Interviews - a few more
After my recent recollections of interviewing motoring celebrities, a few more might be worth recalling. I lunched with George Eyston at his Winchester house. He was a thrice-LSR holder, breaker of so many other records, and with diverse interests — sculling, deep-sea fishing, a pioneer pilot (he took his seaplane licence aged 70), cox for Cambridge crews, etc. But, being modest, he spoke only of his record bids. “Come again,” he said “and talk about my racing.” Alas, George died before I could do so.
In 1980, I had an audience with the then-Minister for Transport, Hector Munro MP, who was a BDC member and raced his Bentley and Bugatti, owned a Klemm monoplane and flew Spitfires post-war. The right kind of Minister!

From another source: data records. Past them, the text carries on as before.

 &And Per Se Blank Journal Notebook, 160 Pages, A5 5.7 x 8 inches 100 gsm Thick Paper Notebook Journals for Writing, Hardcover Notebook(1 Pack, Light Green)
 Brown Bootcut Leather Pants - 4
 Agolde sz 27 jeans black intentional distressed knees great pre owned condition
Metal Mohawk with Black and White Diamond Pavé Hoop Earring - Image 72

I’ve discussed Vauxhall history with E W ‘Bill’ Hancock and ArmstrongSiddeley’s past with Ernest Siddeley. I went to see Jim Byrom, who told in a book of racing his Amilcar Six in a Double-12 race. He and his brother had the help of the family chauffeur when racing their A7 at Southport, and I saw pictures of their Bugatti T35 being towed to events behind a big Humber and a T44 Bugatti Saloon. F A Bolton’s albums were full of enormous pre-WWI Daimlers and Afiels he had driven in speed trials. The Hon Victor Bruce recalled his AC exploits in rallies, and Ivy Cummings, married to an X-ray scientist, talked while bathing her baby of the many cars she had raced, from GN to the Bugatti ‘Black Bess’.

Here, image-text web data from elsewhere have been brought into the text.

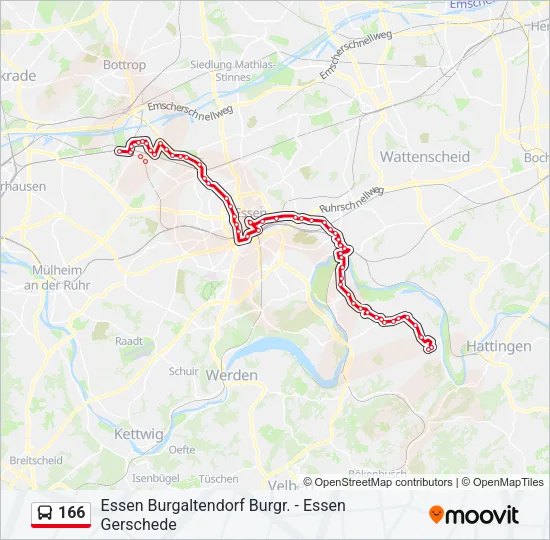 166 Bus Line Map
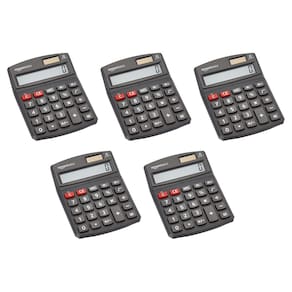 Calculadora Amazon Basics LCD de 8 dígitos para desktop preta - pacote com 5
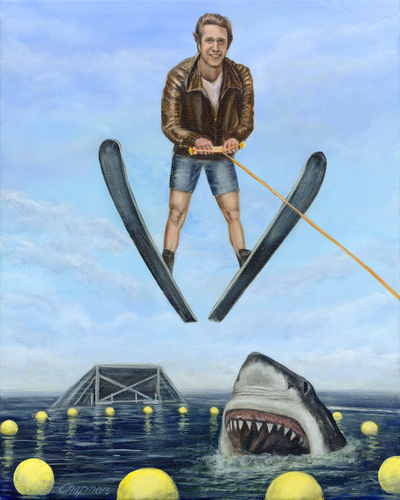 Fonzie jumps the shark. | Travis Chapman Art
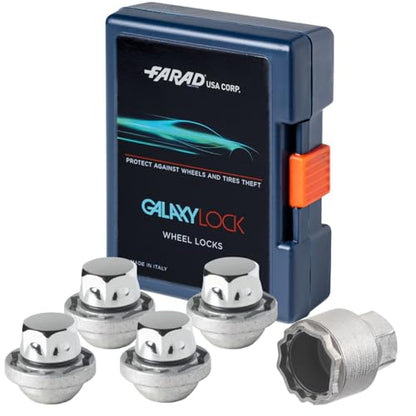 Farad GalaxyLock H/M Chromed Lug nut Wheel-Locks Kit Suitable for Ford Bronco (no Raptor) 2021> (M12 X 1.5 Thread Size) - Set of 4 Lug Nuts + 1 Key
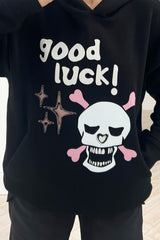 Good Luck Black premium black printed hoodie
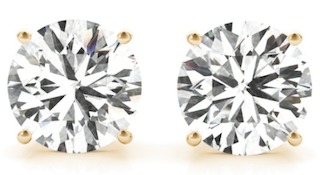4 prong diamond earring studs setting in yellow gold
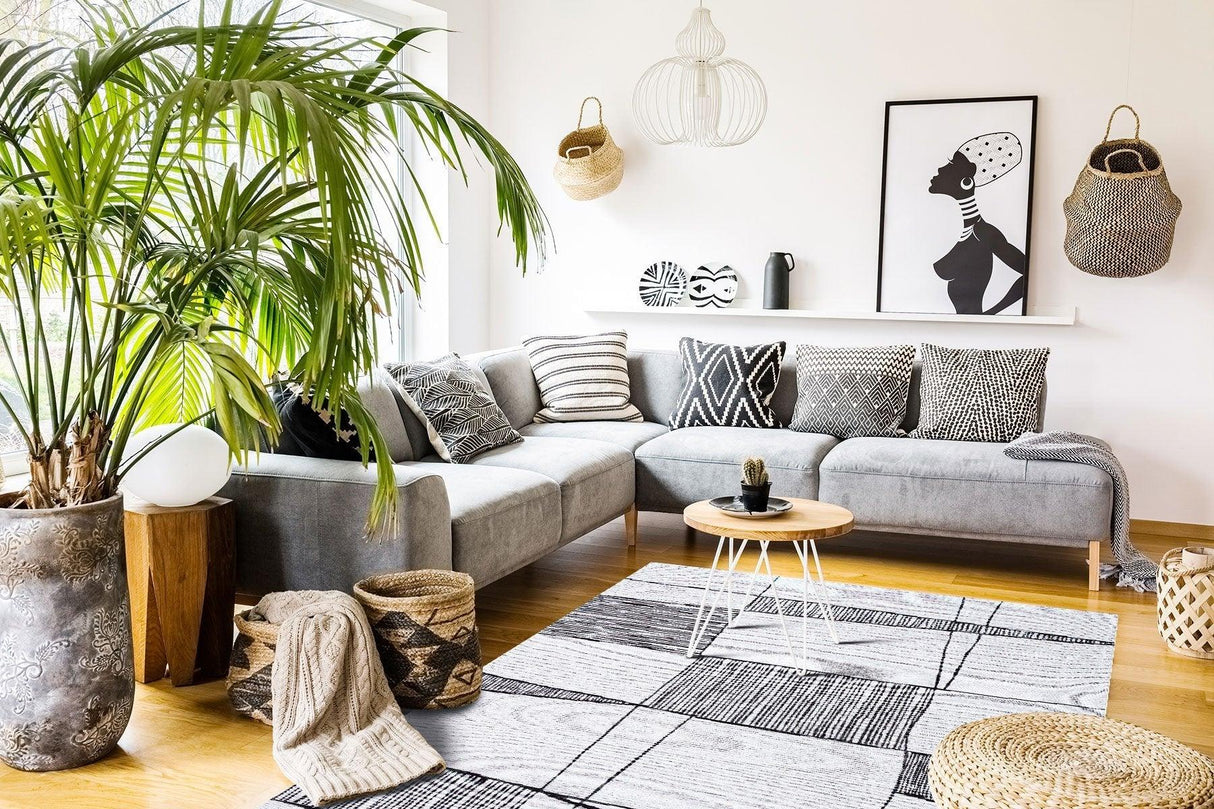 Covor Maze Home Palma, Gri - Negru (diverse dimensiuni), 80x150 cm - Covor Maze Home PALMA, Grey Black - Adorehome.ro - Covoare - Maze - PM 03 GREY BLACK _ 80*150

I went to see Jack Field to hear about his inflammable T43 Bugatti, the old 200-mile race Talbots and how he bought the 48-litre 186mph Sunbeam ‘Silver Bullet’.
Pat Driscoll, successful racing motorcyclist, raced a Hyper Lea-Francis before Lord Austin asked him to drive the works A7s. He recalled Austin sending an Ulster to Brooklands in order to discover how well he drove, — and how he proceeded to overtake it in his Vauxhall 30/98.
A session with the Hon Patrick Lindsay about his cars, aeroplanes, and private museum was fascinating. Driving down to the Mumbles in Wales, we spent a night with Lindsay
Eccles, hearing about the various Bugattis he raced, a 3.3-litre T59 included, and went to see a local club’s new speed hillclimb course.
We called on dear old 100 per cent versatile Sammy Davis in his Guildford flat, after I had told my wife not to look surprised when he and Susie lit their pipes.
Stafford-East reminisced interestingly and showed me his three GNs. Ron Godfrey, when I last saw him, had got his water-driven mill-race generator working so well that he had had the pleasure of telling the electricity company he no longer needed a mains supply. A lady racer told me she was the only woman brave enough to race on beaded-edge tyres or lap Brooklands in the rain. Nonsense, of course. And a famous ex-Weybridge character, interrupted by Jehovah Witnesses at the door, yelled: “There is no time to talk of God when the subject is Brooklands.”
A visit to R G J Nash enabled me to see his veteran Columbian electric car, the battery of which helped to power his electric loco on his garden railway. “When I go to fullnotch, my wife makes me wear my helmet!”
Apologies to anyone I left out; many famous drivers saved me a visit by contributing to our Cars I Have Ownedseries.